Croplands
Overview
Cropland value to wildlife varies through the year; conservation tillage (no‑till) enhances water quality and habitat structure, retains waste grains, and increases invertebrates used by broods. Field borders and ditch‑bank buffers transform low‑yield edges into productive wildlife habitat and can be eligible for conservation payments.
Best Management Practices
- Field borders
- Fallow disking
- Ditch‑bank buffers
- Contour strip cropping
- No‑till
Species That Use This Habitat
- Quail
- Field. Grasshopper & Savannah Sparrows
- Mourning dove
- Rabbits
- Deer (edge users)
- Owls using open fields (Barn Owl, Barred Owl, Great Horned Owl)
- Raptors using open fields
Key Ecological Features
- Residue and waste grain support birds and small mammals.
- Ditches act as narrow wetlands and travel corridors.

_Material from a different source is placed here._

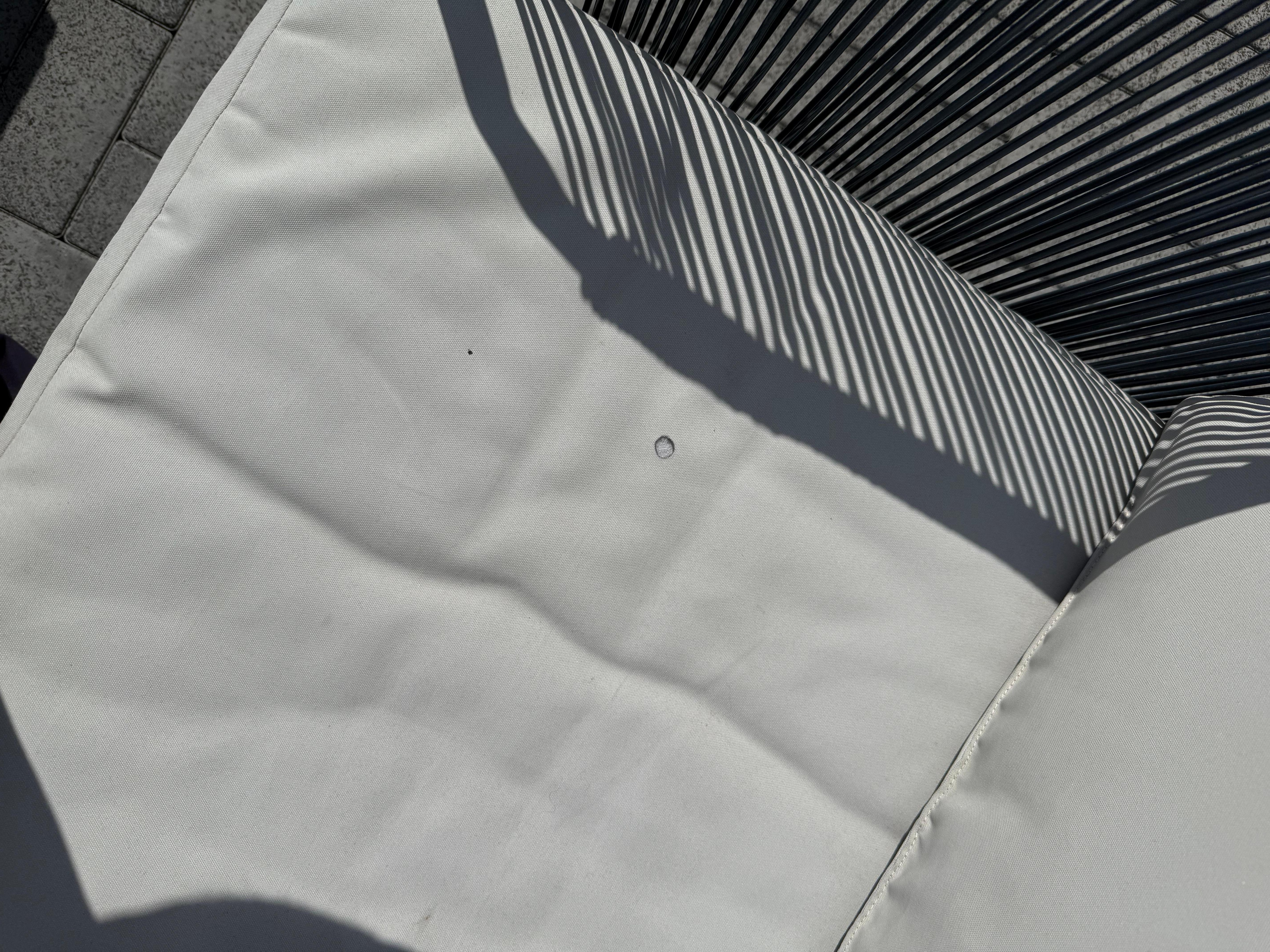 Actual rooftop cushion with cigarette burn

- Borders and contour strips add nesting/roosting cover and filter runoff.
Management Strategies
General Wildlife Management
- Implement field borders (30–120 ft) aligned parallel to rows; maintain with spot‑spray and 2–3‑year disking.
- Manage ditch banks: back crops off to create ≈20‑ft buffers; mow high (10–12") and in alternate years; use aquatic‑labeled herbicides to selectively remove trees.
- Adopt no‑till to retain residue and reduce erosion.
Species‑Specific Approaches
Quail
Borders, fallow disking strips, woody escape thickets every ≤100 yards.
Doves
Time crop preparation so seeds peak near hunts; expose seed on bare ground.